==== RECORDS SHOWN ====

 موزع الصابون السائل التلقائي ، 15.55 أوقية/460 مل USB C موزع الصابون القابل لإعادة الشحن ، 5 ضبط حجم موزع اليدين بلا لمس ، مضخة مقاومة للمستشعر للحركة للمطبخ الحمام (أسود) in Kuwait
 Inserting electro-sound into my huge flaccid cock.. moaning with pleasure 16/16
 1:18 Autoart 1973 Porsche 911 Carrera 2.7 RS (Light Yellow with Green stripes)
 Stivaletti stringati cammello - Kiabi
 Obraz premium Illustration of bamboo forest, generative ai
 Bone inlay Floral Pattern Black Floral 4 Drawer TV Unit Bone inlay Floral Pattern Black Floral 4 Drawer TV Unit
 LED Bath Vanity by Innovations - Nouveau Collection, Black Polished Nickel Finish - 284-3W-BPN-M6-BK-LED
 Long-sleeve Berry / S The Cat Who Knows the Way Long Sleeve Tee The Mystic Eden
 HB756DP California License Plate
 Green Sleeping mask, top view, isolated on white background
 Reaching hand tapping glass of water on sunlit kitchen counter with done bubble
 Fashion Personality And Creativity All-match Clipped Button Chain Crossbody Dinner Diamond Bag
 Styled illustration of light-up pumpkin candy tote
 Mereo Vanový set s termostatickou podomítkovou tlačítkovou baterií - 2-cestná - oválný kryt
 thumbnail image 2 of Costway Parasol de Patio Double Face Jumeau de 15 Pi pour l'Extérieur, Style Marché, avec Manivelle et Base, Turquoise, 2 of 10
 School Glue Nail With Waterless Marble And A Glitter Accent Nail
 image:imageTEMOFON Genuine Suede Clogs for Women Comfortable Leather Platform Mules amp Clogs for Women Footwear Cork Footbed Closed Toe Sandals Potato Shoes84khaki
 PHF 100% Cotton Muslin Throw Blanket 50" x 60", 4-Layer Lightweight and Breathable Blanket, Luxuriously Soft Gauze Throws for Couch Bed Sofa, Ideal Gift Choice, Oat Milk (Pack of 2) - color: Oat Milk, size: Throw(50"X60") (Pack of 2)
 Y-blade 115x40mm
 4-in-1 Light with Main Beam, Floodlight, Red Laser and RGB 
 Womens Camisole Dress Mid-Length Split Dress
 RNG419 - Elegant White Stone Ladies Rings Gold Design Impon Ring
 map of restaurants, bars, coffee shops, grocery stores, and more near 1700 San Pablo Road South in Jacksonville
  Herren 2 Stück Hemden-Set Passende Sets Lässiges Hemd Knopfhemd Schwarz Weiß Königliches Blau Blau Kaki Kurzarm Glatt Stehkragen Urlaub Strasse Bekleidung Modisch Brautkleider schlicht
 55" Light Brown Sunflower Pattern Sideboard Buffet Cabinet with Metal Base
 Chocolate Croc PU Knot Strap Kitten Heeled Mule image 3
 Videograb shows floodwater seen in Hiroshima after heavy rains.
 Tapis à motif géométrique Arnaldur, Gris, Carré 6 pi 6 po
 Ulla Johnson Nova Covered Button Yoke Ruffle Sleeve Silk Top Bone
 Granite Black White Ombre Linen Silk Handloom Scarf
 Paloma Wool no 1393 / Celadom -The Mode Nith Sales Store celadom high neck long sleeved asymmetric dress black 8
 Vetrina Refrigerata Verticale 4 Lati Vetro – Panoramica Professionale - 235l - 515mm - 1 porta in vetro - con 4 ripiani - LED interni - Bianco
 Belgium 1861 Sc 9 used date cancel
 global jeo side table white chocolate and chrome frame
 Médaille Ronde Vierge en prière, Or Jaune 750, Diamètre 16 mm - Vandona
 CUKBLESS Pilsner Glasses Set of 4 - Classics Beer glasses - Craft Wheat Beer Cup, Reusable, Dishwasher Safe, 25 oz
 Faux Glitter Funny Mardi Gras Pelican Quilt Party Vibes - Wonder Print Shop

====

> **TO DO**: Would you print, exactly as written, every line above from the one holding "Obraz premium Illustration" through the one holding "image:imageTEMOFON Genuine Suede", with both included and no other lines?

> **WRITTEN ANSWER**:
 Obraz premium Illustration of bamboo forest, generative ai
 Bone inlay Floral Pattern Black Floral 4 Drawer TV Unit Bone inlay Floral Pattern Black Floral 4 Drawer TV Unit
 LED Bath Vanity by Innovations - Nouveau Collection, Black Polished Nickel Finish - 284-3W-BPN-M6-BK-LED
 Long-sleeve Berry / S The Cat Who Knows the Way Long Sleeve Tee The Mystic Eden
 HB756DP California License Plate
 Green Sleeping mask, top view, isolated on white background
 Reaching hand tapping glass of water on sunlit kitchen counter with done bubble
 Fashion Personality And Creativity All-match Clipped Button Chain Crossbody Dinner Diamond Bag
 Styled illustration of light-up pumpkin candy tote
 Mereo Vanový set s termostatickou podomítkovou tlačítkovou baterií - 2-cestná - oválný kryt
 thumbnail image 2 of Costway Parasol de Patio Double Face Jumeau de 15 Pi pour l'Extérieur, Style Marché, avec Manivelle et Base, Turquoise, 2 of 10
 School Glue Nail With Waterless Marble And A Glitter Accent Nail
 image:imageTEMOFON Genuine Suede Clogs for Women Comfortable Leather Platform Mules amp Clogs for Women Footwear Cork Footbed Closed Toe Sandals Potato Shoes84khaki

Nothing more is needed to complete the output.